筆談に代わる新しいアプリ制作を目指して。

字幕は頼るものではなく、補助であるという気づき

ハッカソンはオンライン開催だったので、メール等を通じてチームを作りました。集まった6人のメンバーは北海道・宮城・茨城・京都とバラバラなので、打ち合わせは基本的にZoom等で行います。

Zoomを使い始めたのは、「顔が見える」「チャットで話せる」という条件が必要だったからです。字幕設定や音声認識に頼った話し合いは
・誤認識があると話がわからない
・誰が何を話してるのか分からなくなってしまう
・声中心だと自分で発言しにくくなる
というFさんの意見から一旦使わないことにしました。

聴こえるのが当たり前だとなかなか気づけないんですが、
聴こえないというのは例えば全員がミュートしながら、それぞれ話したり笑ったりしている状況なんですよね。
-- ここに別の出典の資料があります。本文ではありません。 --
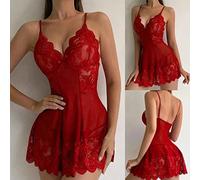 Chemise de nuit mode col en V dentelle vêtements de nuit satin nuisette en dentelle mini sous-vêtements en peluche vêtements de nuit pyjama anneau en acier, Rouge, L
結構なカオス。そこに字幕がついていたとしても、同じ情報量を受け取れるとは限らないということを知りました。

こうやるのか!と驚いた発表方法

ろう者が聴者へZoomでプレゼンしようとするとき、どんな方法があると思いますか?まず思いつくのは、画面共有しながらチャットで説明を打ち込む方法ではないでしょうか?あるいは、用意してきた音声を読み上げ機能に読ませるという意見もあるかもしれません。

スライド画面を操作しつつ、Zoomのチャットを開いて説明文を入力し、さらに聴衆の表情を見ながら発表するのはなかなか大変です。聞き手だって、できたらチャット画面ではなく、スライドの画面に集中したいですよね。
では、音声読み上げはどうか。こちらも、耳が聴こえないと「音がきちんと出ているか」「今どこを読み上げているのか」が分からないため、安心してプレゼンできる方法とは言えません。

それならどうするのか?
なんと、Fさんは下のテキスト欄に説明を書き始めました。言ってしまうとシンプルなのですが、私は衝撃を受けました。この方法であれば、プレゼンを音で聞いている感覚と遜色ないどころか、それ以上に画期的だとさえ思ったのです。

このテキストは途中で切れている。